Matukumalli Lakshmi K, Grefenstette John J, Hyten David L, Choi Ik-Young, Cregan Perry B, Van Tassell Curtis P
Beltsville Agricultural Research Center, Bovine Functional Genomics Laboratory, US Department of Agriculture, ARS, Beltsville, MD 20705, USA.
BMC Bioinformatics. 2006 Jan 6;7:4. doi: 10.1186/1471-2105-7-4.
Single nucleotide polymorphisms (SNP) constitute more than 90% of the genetic variation, and hence can account for most trait differences among individuals in a given species. Polymorphism detection software PolyBayes and PolyPhred give high false positive SNP predictions even with stringent parameter values. We developed a machine learning (ML) method to augment PolyBayes to improve its prediction accuracy. ML methods have also been successfully applied to other bioinformatics problems in predicting genes, promoters, transcription factor binding sites and protein structures.

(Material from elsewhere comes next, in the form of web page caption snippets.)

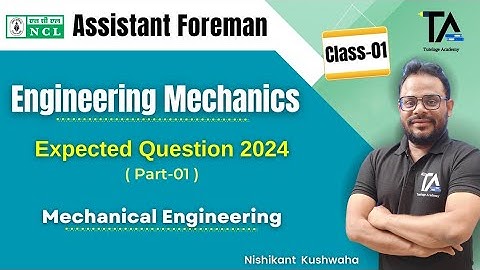 NCL Expected Questions of Engg. Mechanics||NCL Mechanical Important MCQ by Nishikant Kushwaha||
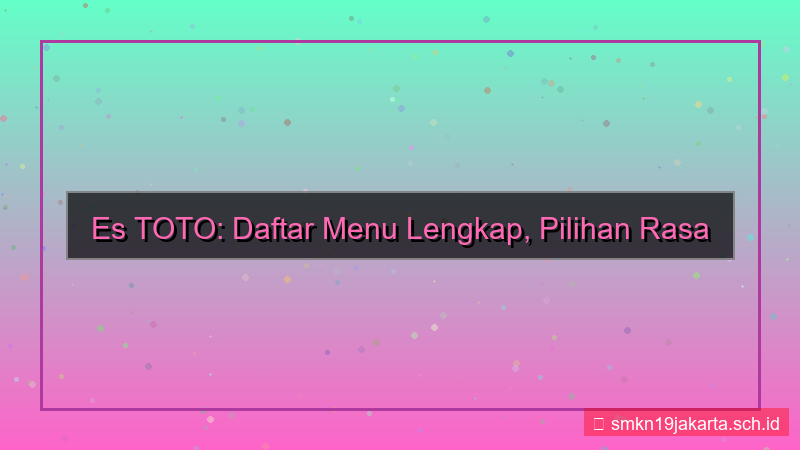visual ES TOTO menu daftar jelas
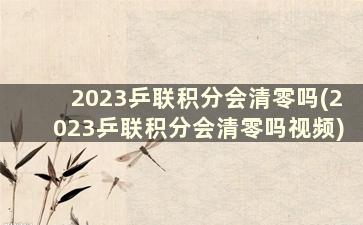 2023乒联积分会清零吗(2023乒联积分会清零吗视频)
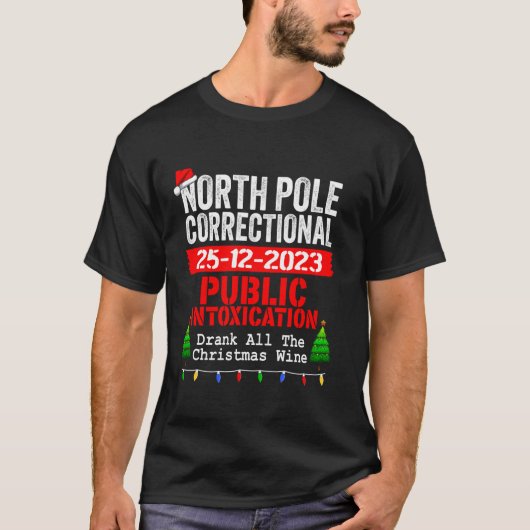 Noordpool Correctionele Intoxicatie van Kerstmis T-shirt (Voorkant)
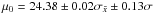 \hbox{$\mu_0=24.38\pm0.02 \sigma_{\bar x} \pm0.13\sigma$}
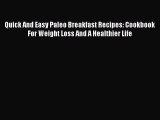 Read Quick And Easy Paleo Breakfast Recipes: Cookbook For Weight Loss And A Healthier Life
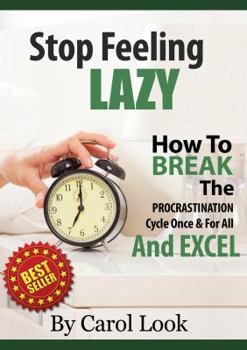 Paperback Stop Feeling Lazy: How To Break The Procrastination Cycle Once And For All And Excel Book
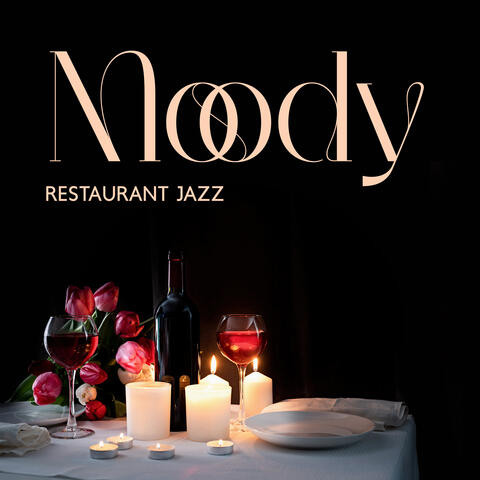 Moody Restaurant Jazz: Dinner Time, Wine Jazz Music, Romantic Evening with Jazz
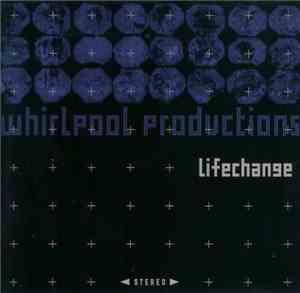 Whirlpool Productions - Lifechange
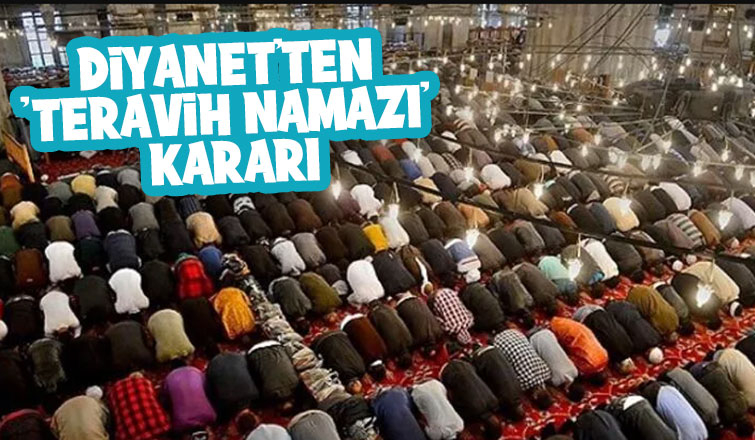 Diyanet İşleri Bakanlığı'ndan teravih namazı kararı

The ML program C4.5 was applied to a set of features in order to build a SNP classifier from training data based on human expert decisions (True/False). The training data were 27,275 candidate SNP generated by sequencing 1973 STS (sequence tag sites) (12 Mb) in both directions from 6 diverse homozygous soybean cultivars and PolyBayes analysis. Test data of 18,390 candidate SNP were generated similarly from 1359 additional STS (8 Mb). SNP from both sets were classified by experts. After training the ML classifier, it agreed with the experts on 97.3% of test data compared with 7.8% agreement between PolyBayes and experts. The PolyBayes positive predictive values (PPV) (i.e., fraction of candidate SNP being real) were 7.8% for all predictions and 16.7% for those with 100% posterior probability of being real. Using ML improved the PPV to 84.8%, a 5- to 10-fold increase. While both ML and PolyBayes produced a similar number of true positives, the ML program generated only 249 false positives as compared to 16,955 for PolyBayes. The complexity of the soybean genome may have contributed to high false SNP predictions by PolyBayes and hence results may differ for other genomes.
A machine learning (ML) method was developed as a supplementary feature to the polymorphism detection software for improving prediction accuracies. The results from this study indicate that a trained ML classifier can significantly reduce human intervention and in this case achieved a 5-10 fold enhanced productivity. The optimized feature set and ML framework can also be applied to all polymorphism discovery software. ML support software is written in Perl and can be easily integrated into an existing SNP discovery pipeline.
单核苷酸多态性(SNP)构成了超过90%的遗传变异,因此可以解释给定物种中个体间的大多数性状差异。多态性检测软件PolyBayes和PolyPhred即使在参数值严格的情况下也会给出较高的假阳性SNP预测结果。我们开发了一种机器学习(ML)方法来增强PolyBayes,以提高其预测准确性。ML方法也已成功应用于预测基因、启动子、转录因子结合位点和蛋白质结构等其他生物信息学问题。
将ML程序C4.5应用于一组特征,以便根据人类专家的判断(真/假)从训练数据构建SNP分类器。训练数据是通过对来自6个不同纯合大豆品种的1973个序列标签位点(STS)(12兆碱基)进行双向测序以及PolyBayes分析产生的27275个候选SNP。18390个候选SNP的测试数据同样来自另外1359个STS(8兆碱基)。两组中的SNP均由专家进行分类。在训练ML分类器后,它与专家对97.3%的测试数据的判断一致,而PolyBayes与专家的判断一致率为7.8%。PolyBayes的阳性预测值(PPV)(即候选SNP为真实的比例)在所有预测中为7.8%,在那些后验概率为100%为真实的预测中为16.7%。使用ML将PPV提高到84.8%,增加了5到10倍。虽然ML和PolyBayes产生的真阳性数量相似,但ML程序仅产生了249个假阳性,而PolyBayes产生了16955个。大豆基因组的复杂性可能导致了PolyBayes的高假SNP预测结果,因此其他基因组的结果可能会有所不同。
开发了一种机器学习(ML)方法作为多态性检测软件的补充功能,以提高预测准确性。本研究结果表明,经过训练的ML分类器可以显著减少人工干预,在这种情况下生产力提高了5到10倍。优化后的特征集和ML框架也可以应用于所有多态性发现软件。ML支持软件用Perl编写,可以很容易地集成到现有的SNP发现流程中。